If the employer, while insurance is in force, knowingly refuses to meet
reasonable health and safety requirements designed to remove an imminent threat
of serious bodily harm;
C. If the
employer has an outstanding obligation for workers' compensation premium on
previous insurance about which there is no formal dispute;
D. If the employer, or its representative or
the producer knowingly makes a material misrepresentation on the application by
omission or otherwise, including any of the following: estimated annual
premium, estimated payroll, offers of workers' compensation insurance, nature
of business, name or ownership of business, previous insurance history, or
outstanding premium obligation of the employer.
3. Coverage may be bound under the ARM Plan,
in accordance with the following procedures:
A. The producer should forward the completed
application to the contract carrier or plan administrator with a certified,
cashier's, or producer check payable to the contract carrier or plan
administrator for the estimated annual or deposit premium as computed by the
producer, or determined by contacting the contract carrier or plan
administrator prior to submission of the application.
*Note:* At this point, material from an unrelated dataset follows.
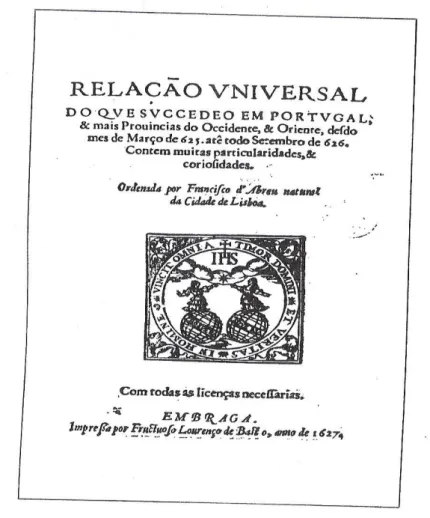 Figura 3 – Frontispício de uma das  publicações de Manuel Severim de Faria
The employer or its
representative shall also include with and as a part of the application a copy
of the employer's latest filed federal employer 941, 941E, 942 or 943 form or
equivalent federal- or state-required verifiable current payroll record, such
as an unemployment wage report. The application form, as approved by the
department, shall indicate the employer's agreement to authorize its current
carrier to release any safety and loss information to the contract carrier or
plan administrator. For all employers other than those formerly self-insured,
coverage will be bound at 12:01 a.m. on the first day following the postmark
time and date on the envelope in which the application is mailed, including the
estimated annual or deposit premium, or the expiration of existing coverage,
whichever is later. If there should be no postmark, coverage will be effective
12:01 a.m. of the date of receipt by the contract carrier or plan administrator
unless a later date is requested. Those applications hand delivered to the
contract carrier or plan administrator will be effective as of 12:01 a.m. the
date following receipt by the contract carrier or plan administrator unless a
later date is requested;
B. For
employers formerly self-insured, coverage will be bound at 12:01 a.m. not later
than sixty (60) days following the postmark time and date on the envelope in
which the application is mailed including the estimated annual or deposit
premium, or the expiration of existing coverage, whichever is later. If there
should be no postmark, coverage will be effective 12:01 a.m. not later than
sixty (60) days following the date of receipt by the contract carrier or plan
administrator unless a later date is requested. Those applications hand
delivered to the contract carrier or plan administrator will be effective 12:01
a.m. not later than sixty (60) days following the date of receipt by the
contract carrier or plan administrator, unless a later date is
requested;
C. If coverage is bound
pursuant to the above, the contract carrier or plan administrator shall issue a
binder with copies to the producer, the insured, and the Missouri Division of
Workers' Compensation.
4. Assignments shall not be made under this
rule unless all workers' compensation premium obligations on any previous
insurance have been met by the employer, unless a formal dispute regarding such
payments has been made. If, subsequent to policy issuance, the insured employer
does not meet all workers' compensation insurance premium obligations under a
previous policy or under a present policy, the contract carrier or plan
administrator shall have the right to cancel the policy currently in force
under the ARM Plan.
5. The policy
shall be issued for a term of one (1) year, unless insurance for a shorter term
has been requested or unless a longer period is authorized by the department. A
copy of the policy declarations and all endorsements, properly stamped ARM
Plan, will be retained by the contract carrier or plan administrator.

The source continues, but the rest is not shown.